We've done some research. We did a research project in the beginning of the year that really focused on the role that older women play in crisis.
And no one's really thought about it specifically as, like, grandmothers in refugee camps often get picked out as to help distribute food.
Wendy Green:Is that right?
Lynsey Farrell:They're like. They are a full. They. Yeah.
There was a research project that was done in Kakuma Refugee camp in Kenya a few years ago, where, like, they become the go to trusted resource in a place where everybody is not trusting. Right. You know, that you can bring a grandmother in. They do the same in crisis, in climate crises, they do the same.
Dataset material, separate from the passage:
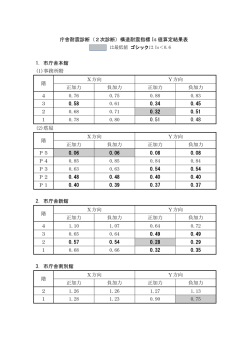 庁舎耐震診断（2次診断）構造耐震指標 Is 値算定結果表 1. 市庁舎本館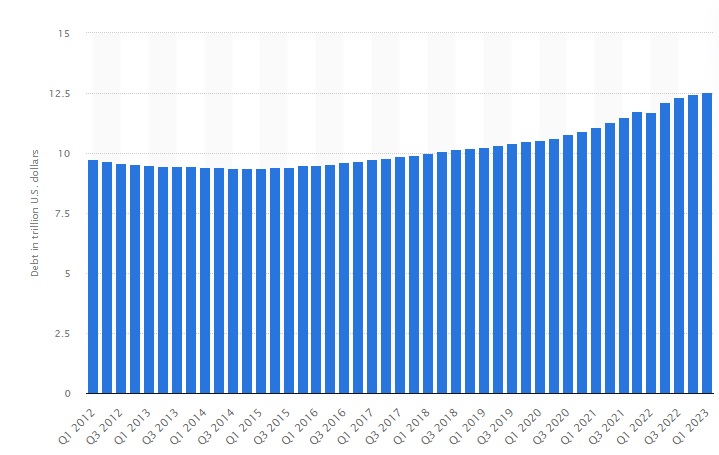 Home mortgage debt of households and nonprofit organizations in the United States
And migrant crises, like, they're really playing this very invisible role. So we've just been trying to, like, collect and base. Create a base of evidence to be able to support this as well as bring people together.
Wendy Green:Yeah, it's fascinating. There's so many different ways that it can work. So talk to me about what this grandmotherly approach is beyond just age. What defines that for you?
Lynsey Farrell:Yeah, so I've been talking. I like to tell people that I want to teach a class one day at a business school called how to Lead. Badass. Some kind of grandma, right? Yeah.
How to lead like a grandmother. And it's this. It's some of the stuff that you would think they're effective because they approach things with empathy.
They are effective because they approach things with compassion.
But they're also effective because of those things that we were talking about, like having a recognition and realization that with age comes a particular freedom and independence.
And that is something, you know, as you're young and moving up in leadership, you're calculating, I think, a lot more than grandmothers seem to calculate. They're not really worried about power in the same way. And I think there's something incredibly.
I think if you talk to people in our community, they would agree. It is so cooperative and giving. Like, there's just so much in the approach that it's not. Like, there's not a lot of gatekeeping.
Like, everyone's just trying to make a change. Very few. No one's trying to get rich. No one's trying to, like, even build a livelihood.
And so you have these sort of authentic interactions and connections that I think are incredibly grandmotherly. I think there's also. Now this is. Like, we've. We've kind of explored this a little bit.
And the anthropologist in me something very sacred about older women. Right. Like you. You can see globally they can be goddesses and they can be witches. Like, there is something they can be. You know, they can. They're d.
They're sort of dangerous. And that has been reflected in folklore and all kinds of things around the world. And it's an intangible thing that's almost difficult to describe.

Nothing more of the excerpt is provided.